*Requirement*
Find "Usagé Bloc ABS", then copy its line and every later line of the entries exactly through the end, leaving all pictures out.

Data extracted from a collection:
┌────────
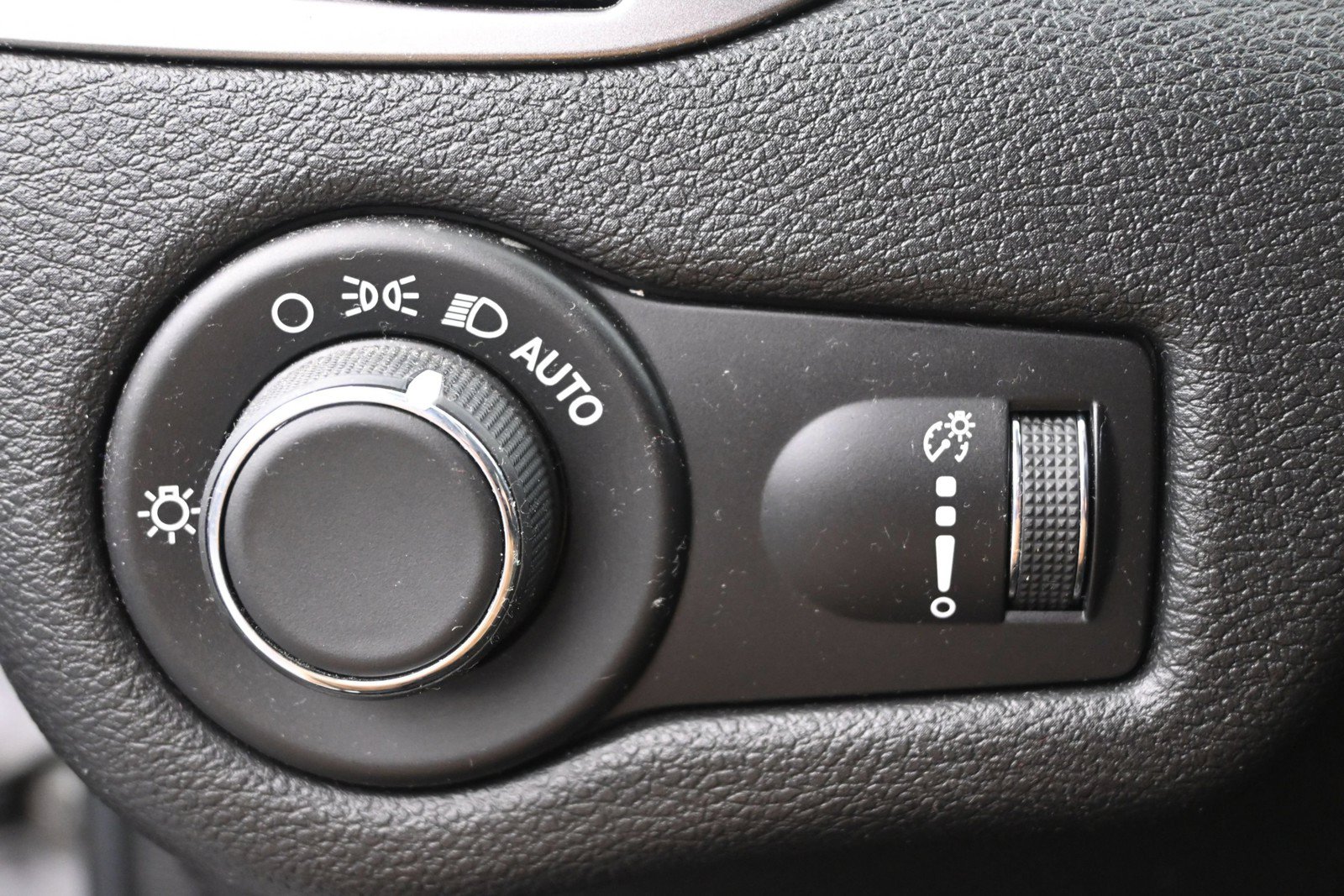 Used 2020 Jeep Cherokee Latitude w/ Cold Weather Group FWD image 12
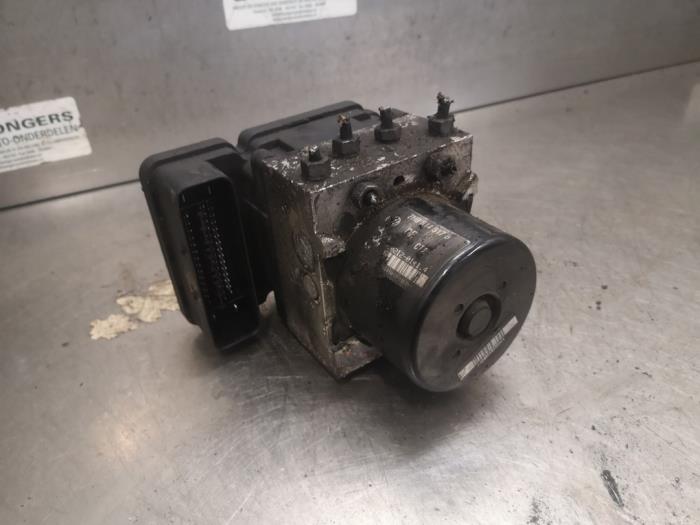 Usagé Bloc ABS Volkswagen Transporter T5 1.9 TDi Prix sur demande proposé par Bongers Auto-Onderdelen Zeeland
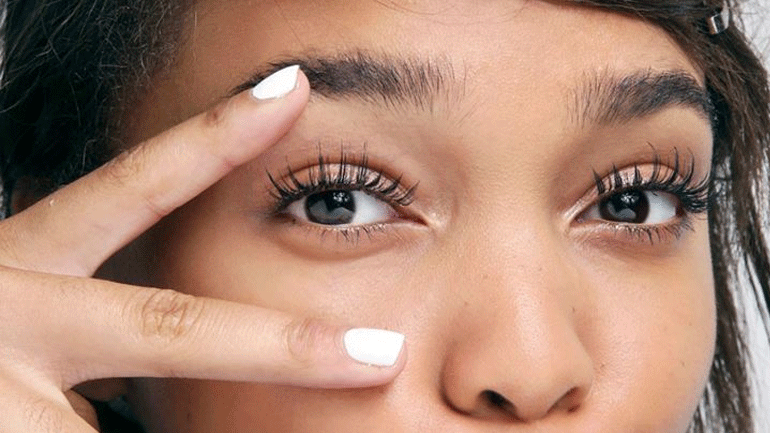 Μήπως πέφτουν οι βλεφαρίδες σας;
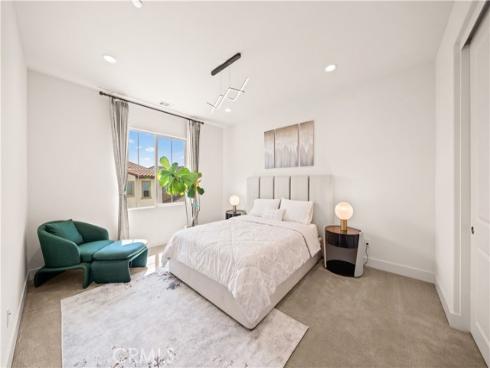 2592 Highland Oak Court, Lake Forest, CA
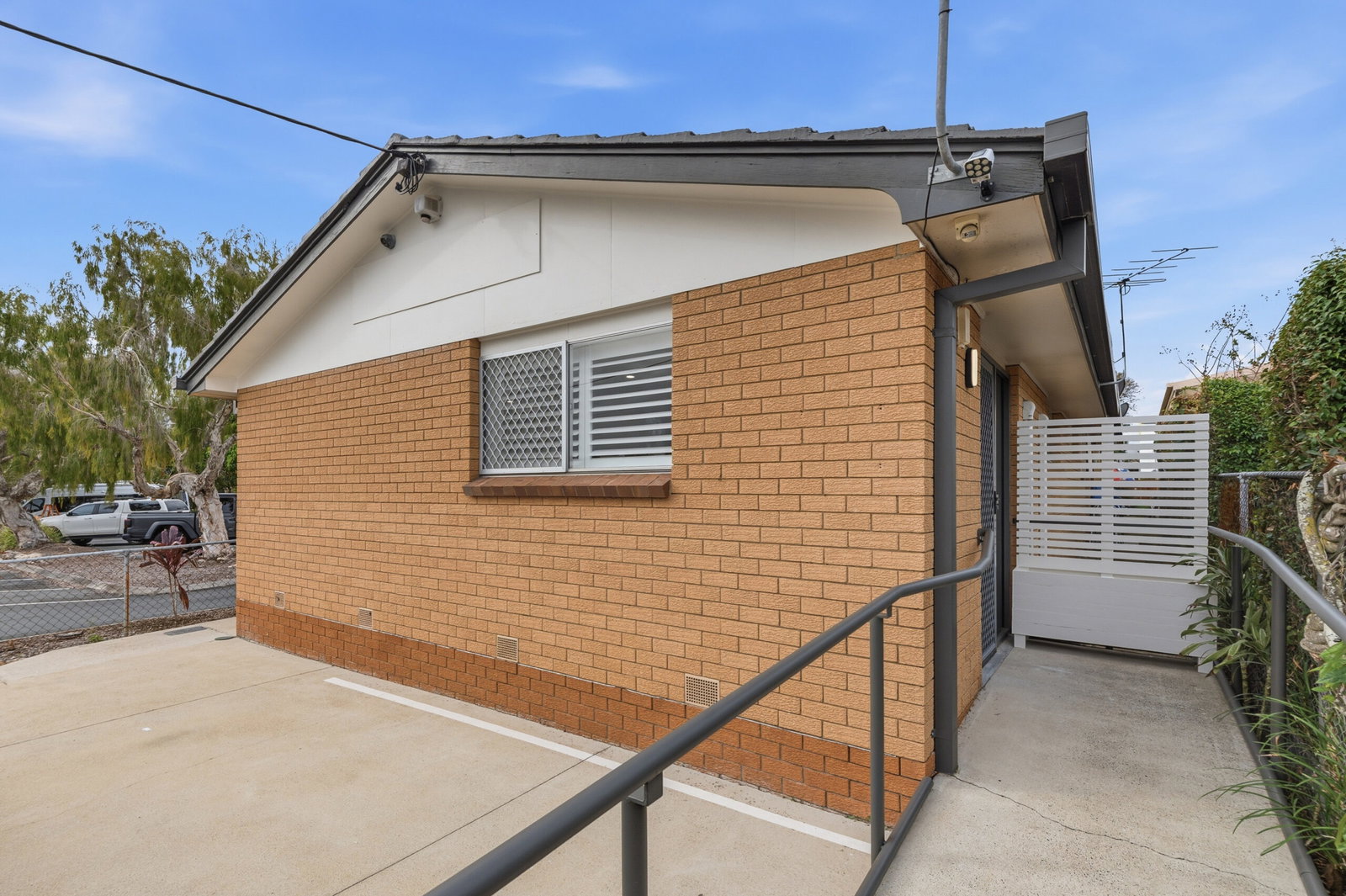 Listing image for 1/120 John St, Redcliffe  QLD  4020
└────────
*Task response*
 Usagé Bloc ABS Volkswagen Transporter T5 1.9 TDi Prix sur demande proposé par Bongers Auto-Onderdelen Zeeland
 Μήπως πέφτουν οι βλεφαρίδες σας;
 2592 Highland Oak Court, Lake Forest, CA
 Listing image for 1/120 John St, Redcliffe  QLD  4020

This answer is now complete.